Monday, 10 October 2011

The Tenth of October

I found myself stuck for a topic and decided to browse Wikipedia’s homepage to see what happened on this day.

I discovered that this day, the 10th of October, which I had previously thought to be a rather mundane day, has seen it’s fair share of historical interest (unlike my birthday, which is depressingly uneventful considering that history is long and there are only 365 days per average year).
 
Anyway, on this day in the year 680 AD, Husayn Ibn Ali took on the forces of the Umayyad Caliphate in a hopeless gesture where he and all his troops were killed. He is viewed as a martyr by the Shiite Muslims and revered as a great man by many Sunnis. The death of Husayn deepened the split of Islam between Sunni and Shia, sowing the seeds for future civil war in the Caliphate. The battle took place in Kerbala in present day Iraq and the city is a site of pilgrimage for Shiite Muslims, although the commemorations of the battle change days due to the lunar Islamic calendar. Al-Qaeda and their affiliates, who view Shiites as non-believers, have often attacked the commemoration festival of this battle.

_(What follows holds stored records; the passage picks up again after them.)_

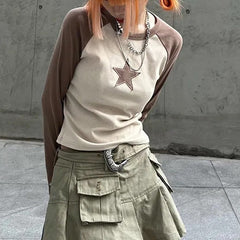 Star Girl, langärmliges Oberteil, Braun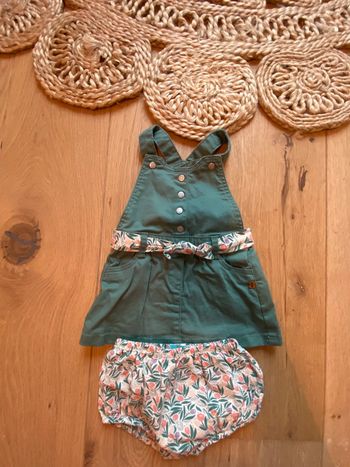 Ensemble robe salopette et culotte coordonnée 3 mois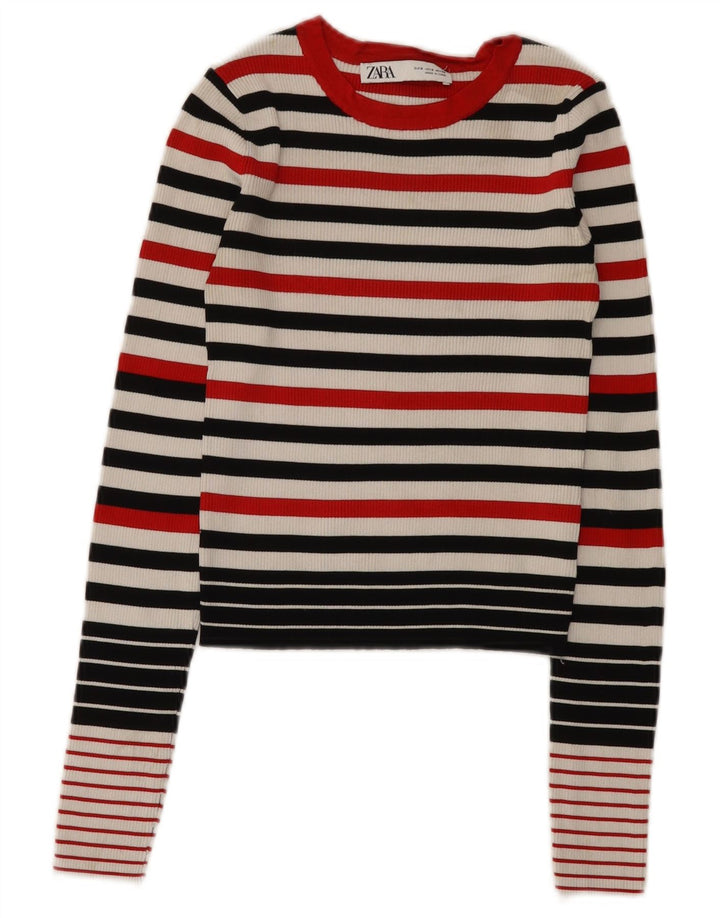 Top corto da donna Zara a maniche lunghe UK 8 piccolo in viscosa a righe multicolore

On this day in 732 AD, the forces of the Frankish kingdom fought and eventually defeated the forces of the Ummayad Caliphate at Tours. The Franks were commanded by the interestingly named Charles Martel (meaning Charles the Hammer!) The armies of the Arab Caliphate had swept over Egypt, Northern Africa, through Spain and were pushing into southern France. The great historian Gibbon has this to say,

“A victorious line of march had been prolonged above a thousand miles from the rock of Gibraltar to the banks of the Loire; the repetition of an equal space would have carried the Saracens to the confines of Poland and the Highlands of Scotland; the Rhine is not more impassable than the Nile or Euphrates, and the Arabian fleet might have sailed without a naval combat into the mouth of the Thames. Perhaps the interpretation of the Koran would now be taught in the schools of Oxford, and her pulpits might demonstrate to a circumcised people the sanctity and truth of the revelation of Mahomet.”  Gibbon, The Decline and Fall of the Roman Empire, Chapter 52

It sounds like a fairly dramatic scenario (see below for a much later romanticised picture of the battle that includes a Celtic Cross and a topless woman for reasons best known to the artist) but most historians now consider the attack to be a glorified raid. There was a rich church of St Martin’s at Tours and the Arab commander seems to have planned to raid it but it is highly unlikely that a conquest of all of Europe was actually planned.

On this day in 1938 the Munich Agreement came into effect (OK, it's not actually "ancient" history, but pretty intriguing all the same). It had been signed earlier but today was the day that the German troops actually occupied large sections of what is now the Czech Republic, neutralising their armies, taking most of their steel production and paving the way for a later takeover of the whole country, a Nazi-Soviet alliance and World War II.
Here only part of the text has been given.